Print the listing below only from the line that has "VW Touran 1,5" through the line that has "Similar image 22302795", exactly, and drop any picture.

■ **Data supplied**

- Opening Delimiter -

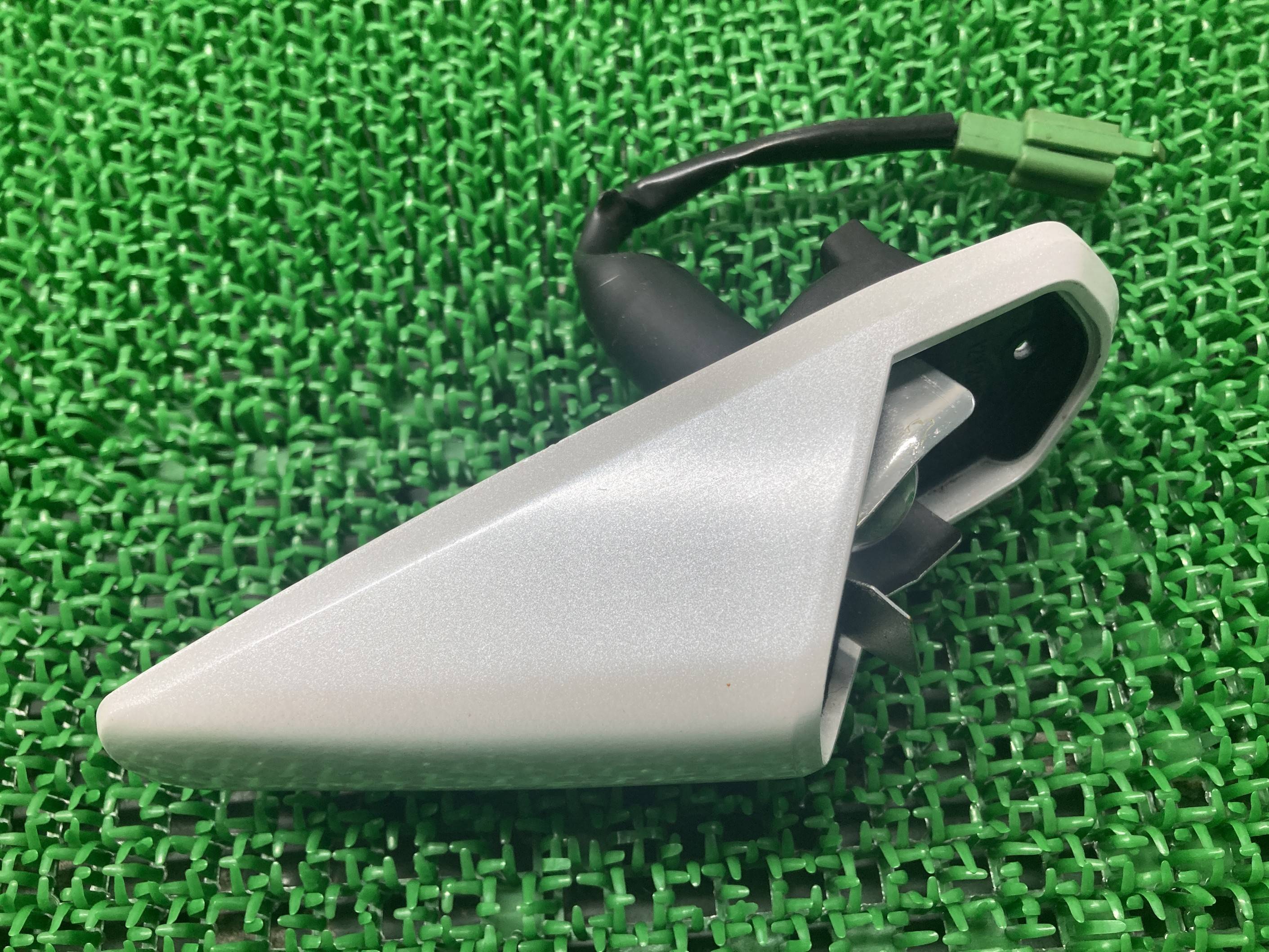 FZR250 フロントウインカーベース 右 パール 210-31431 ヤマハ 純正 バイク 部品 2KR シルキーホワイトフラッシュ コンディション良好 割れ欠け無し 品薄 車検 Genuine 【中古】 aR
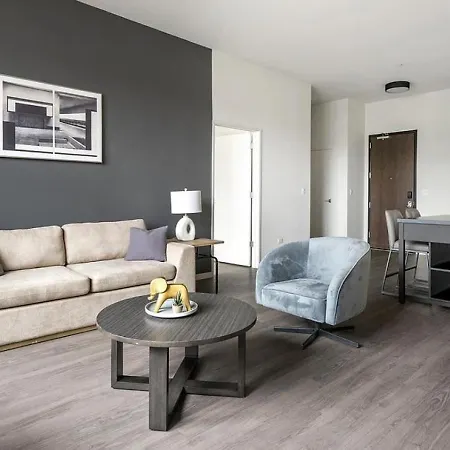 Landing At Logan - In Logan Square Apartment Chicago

- Closing Delimiter -
- Opening Delimiter -

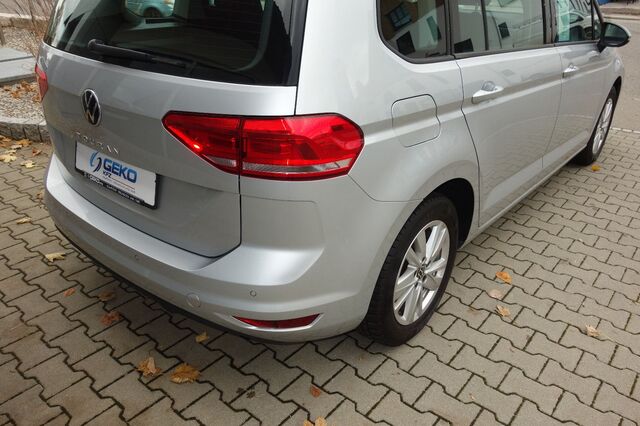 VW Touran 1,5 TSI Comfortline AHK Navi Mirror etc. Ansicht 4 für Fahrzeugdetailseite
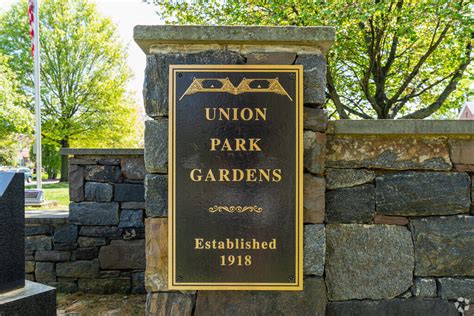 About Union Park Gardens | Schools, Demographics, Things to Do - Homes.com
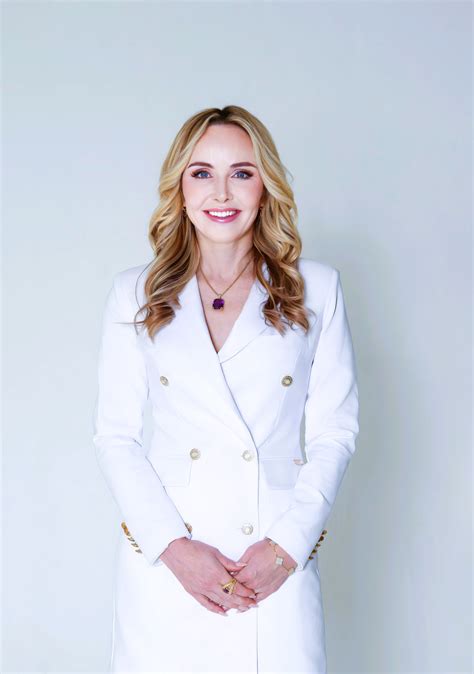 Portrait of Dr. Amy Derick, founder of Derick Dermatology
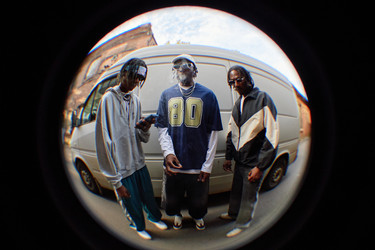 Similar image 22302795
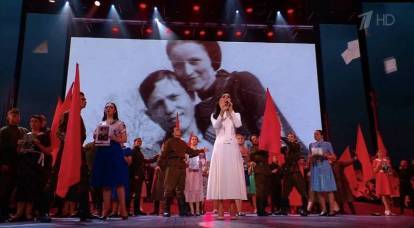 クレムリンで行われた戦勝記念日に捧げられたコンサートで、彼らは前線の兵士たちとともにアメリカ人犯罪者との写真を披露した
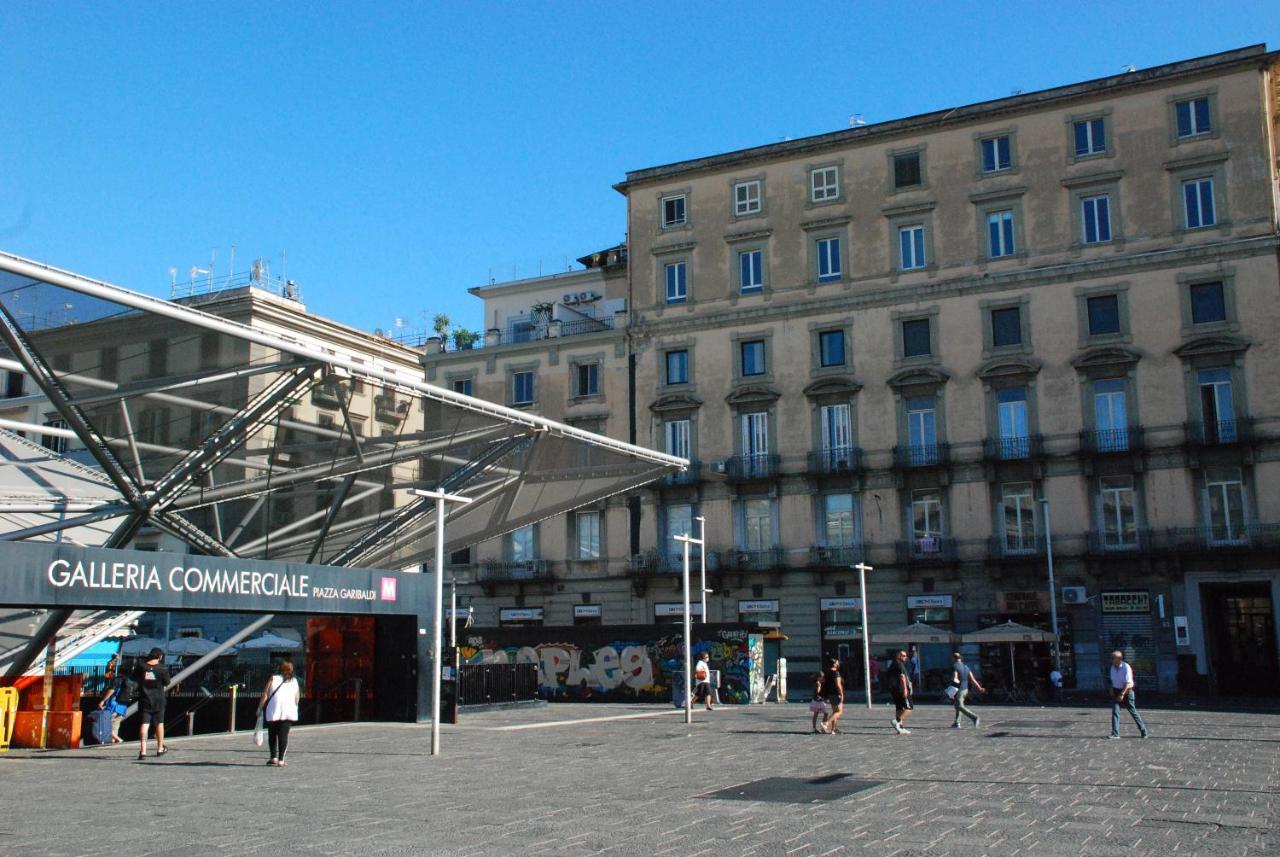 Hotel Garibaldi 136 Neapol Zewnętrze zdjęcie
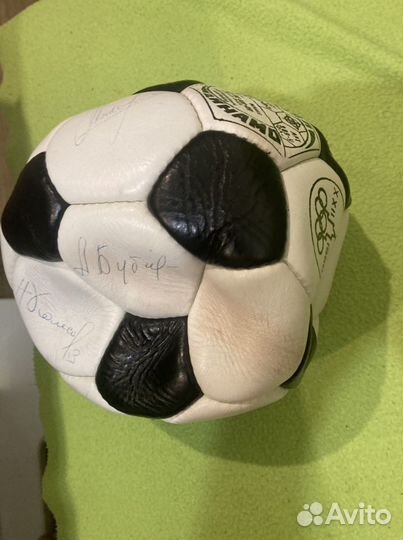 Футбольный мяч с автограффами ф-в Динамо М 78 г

- Closing Delimiter -

■ **Response area**
 VW Touran 1,5 TSI Comfortline AHK Navi Mirror etc. Ansicht 4 für Fahrzeugdetailseite
 About Union Park Gardens | Schools, Demographics, Things to Do - Homes.com
 Portrait of Dr. Amy Derick, founder of Derick Dermatology
 Similar image 22302795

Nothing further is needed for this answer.